$x^5-x-3$ galois group over $\mathbb{F}_5$?

Question

How can I find the Galois group of $x^5-x-3$ over $\mathbb{F}_5$?

Answer 1

Let $P=x^5-x-3$, the polynomial over $\mathbb{F}_5$.

For any $a\in \mathbb{F}_5$ we have $a^5=a\neq a+3$, so $a$ is not a root of $P$. If we attach a single root $\beta$ of $P$, we obtain a finite extension $\mathbb{F}_5[\beta]$, of degree $2,3$ or $5$, depending on whether or not the polynomial is irreducible. Let $F:\mathbb{F}_5[\beta]\to \mathbb{F}_5[\beta]$ denote the Frobenius automorphism, sending $\alpha\mapsto \alpha^5$.

Now for $a\in \mathbb{F}_5$ we have that $F(\beta+a)=F(\beta)+F(a)=F(\beta)+a$. Thus $$(\beta+a)^5-(\beta+a)-3=\beta^5-\beta-3+a-a=0.$$

Thus we know $P$ splits in $\mathbb{F}_5[\beta]$. Further, if $P$ were not irreducible it would have a quadratic factor with coefficients in $\mathbb{F}_5$. However:$$(x-\beta-a_1)(x-\beta-a_2)=x^2-(2\beta+a_1+a_2)x+(\beta-a_1)(\beta-a_2)$$ and $2\beta+a_1+a_2\notin \mathbb{F}_5$ for any $a_1,a_2\in \mathbb{F}_5$.

We conclude that $P$ is irreducible and has a splitting field $\mathbb{F}_5[\beta]$ of degree $5$.
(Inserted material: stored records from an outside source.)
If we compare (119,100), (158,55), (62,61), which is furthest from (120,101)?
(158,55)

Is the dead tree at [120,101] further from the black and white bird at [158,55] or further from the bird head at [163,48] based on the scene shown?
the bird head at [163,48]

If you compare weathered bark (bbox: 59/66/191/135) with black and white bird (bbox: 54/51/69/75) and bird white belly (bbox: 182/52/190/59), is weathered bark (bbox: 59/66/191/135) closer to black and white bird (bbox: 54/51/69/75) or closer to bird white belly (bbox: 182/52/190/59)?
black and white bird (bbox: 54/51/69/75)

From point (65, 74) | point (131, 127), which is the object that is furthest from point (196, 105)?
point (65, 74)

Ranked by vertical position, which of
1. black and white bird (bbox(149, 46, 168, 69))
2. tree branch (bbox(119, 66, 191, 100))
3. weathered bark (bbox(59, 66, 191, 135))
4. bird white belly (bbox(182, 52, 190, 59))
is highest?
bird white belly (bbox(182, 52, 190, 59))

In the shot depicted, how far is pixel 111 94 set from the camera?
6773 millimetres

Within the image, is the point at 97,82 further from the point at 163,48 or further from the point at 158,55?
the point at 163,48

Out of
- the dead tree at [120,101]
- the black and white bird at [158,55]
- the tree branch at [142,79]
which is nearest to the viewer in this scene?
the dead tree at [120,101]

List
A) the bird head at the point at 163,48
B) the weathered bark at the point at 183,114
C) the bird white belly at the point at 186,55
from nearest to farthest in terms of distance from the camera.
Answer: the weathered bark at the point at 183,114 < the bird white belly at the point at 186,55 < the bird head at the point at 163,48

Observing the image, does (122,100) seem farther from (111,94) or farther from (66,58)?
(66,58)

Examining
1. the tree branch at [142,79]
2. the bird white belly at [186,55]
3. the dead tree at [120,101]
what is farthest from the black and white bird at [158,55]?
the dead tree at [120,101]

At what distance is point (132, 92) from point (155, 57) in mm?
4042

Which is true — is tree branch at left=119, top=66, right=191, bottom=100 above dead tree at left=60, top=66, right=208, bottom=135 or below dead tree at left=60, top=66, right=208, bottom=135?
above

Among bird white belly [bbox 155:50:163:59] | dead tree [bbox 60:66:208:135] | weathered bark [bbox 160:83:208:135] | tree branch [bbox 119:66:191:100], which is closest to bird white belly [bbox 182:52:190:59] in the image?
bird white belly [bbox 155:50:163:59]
Its Galois group is therefore generated by $F$ which has order $5$ (that is $\alpha^{5^5}=\alpha\alpha^{5^5-1}=\alpha\alpha^{|\mathbb{F}_5[\beta]^*|}=\alpha$, for every $\alpha\in \mathbb{F}_5[\beta]$). We conclude that the Galois group is $C_5$.